This intuitive approach—sorting by individual digits rather than comparing complete values—is the fundamental insight behind radix sort, one of the most elegant and powerful sorting algorithms ever devised. While comparison-based algorithms like merge sort and quicksort are bound by the O(n log n) lower bound, radix sort sidesteps this limitation entirely by exploiting the structure of the data rather than just comparing values.
By the end of this page, you will deeply understand: (1) How radix sort processes data digit-by-digit to achieve sorting, (2) The critical distinction between Least Significant Digit (LSD) and Most Significant Digit (MSD) approaches, (3) Why processing order matters and how it affects correctness, (4) The mathematical invariants that guarantee radix sort produces correctly sorted output, and (5) How to trace through radix sort execution on real examples.
To understand radix sort, we must first shift our perspective on what numbers actually are.

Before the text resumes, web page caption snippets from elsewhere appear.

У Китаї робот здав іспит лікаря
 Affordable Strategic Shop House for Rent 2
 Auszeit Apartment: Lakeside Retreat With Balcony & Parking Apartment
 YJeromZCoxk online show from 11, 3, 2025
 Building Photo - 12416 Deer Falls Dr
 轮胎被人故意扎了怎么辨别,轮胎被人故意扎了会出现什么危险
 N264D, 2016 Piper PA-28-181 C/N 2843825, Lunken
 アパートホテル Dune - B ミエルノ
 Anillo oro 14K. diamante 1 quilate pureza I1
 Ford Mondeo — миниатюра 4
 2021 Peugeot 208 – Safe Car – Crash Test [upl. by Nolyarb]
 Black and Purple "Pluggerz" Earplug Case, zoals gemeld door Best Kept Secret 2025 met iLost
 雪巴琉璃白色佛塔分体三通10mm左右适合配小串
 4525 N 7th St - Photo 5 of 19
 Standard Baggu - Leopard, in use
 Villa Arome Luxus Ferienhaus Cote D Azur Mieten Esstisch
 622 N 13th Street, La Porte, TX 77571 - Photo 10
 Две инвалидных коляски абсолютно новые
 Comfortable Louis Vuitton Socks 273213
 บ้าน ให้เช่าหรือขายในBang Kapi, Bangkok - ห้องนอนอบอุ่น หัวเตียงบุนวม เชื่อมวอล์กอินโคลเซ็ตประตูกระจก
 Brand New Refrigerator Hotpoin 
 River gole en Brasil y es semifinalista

When we write the number 4271, we typically think of it as a single atomic value—four thousand two hundred seventy-one. But this number is also a sequence of symbols: [4, 2, 7, 1], where each symbol comes from a finite alphabet (digits 0-9).
The key insight: If we can sort numbers by looking at one digit position at a time—and do so in a way that respects previous sorting decisions—we can sort the entire collection without ever directly comparing two complete numbers.
This is fundamentally different from comparison-based sorting:
| Aspect | Comparison-Based (e.g., Quicksort) | Digit-Based (Radix Sort) |
|---|---|---|
| Core operation | Compare two complete values | Group by individual digits |
| Information per step | Binary (less than or greater) | k-way (digit value 0 to k-1) |
| Lower bound | Ω(n log n) comparisons | No comparison lower bound applies |
| Key insight | Total ordering from pairwise comparisons | Positional notation encodes magnitude |
| Applicable to | Any comparable elements | Elements with positional structure |
Why does positional notation matter?
In our decimal system, the position of a digit determines its contribution to the value:
4271 = 4×10³ + 2×10² + 7×10¹ + 1×10⁰
= 4000 + 200 + 70 + 1
Critically, the leftmost digits contribute more to the value than rightmost digits. This means:
Radix sort exploits this positional structure systematically, processing digits in a specific order to ensure correctness.
The term radix refers to the base of a numeral system. For decimal numbers, the radix is 10 (digits 0-9). For binary, the radix is 2 (bits 0-1). For hexadecimal, the radix is 16 (0-9 and A-F). Radix sort works with any radix, and the choice of radix significantly impacts performance—a trade-off we'll explore in detail.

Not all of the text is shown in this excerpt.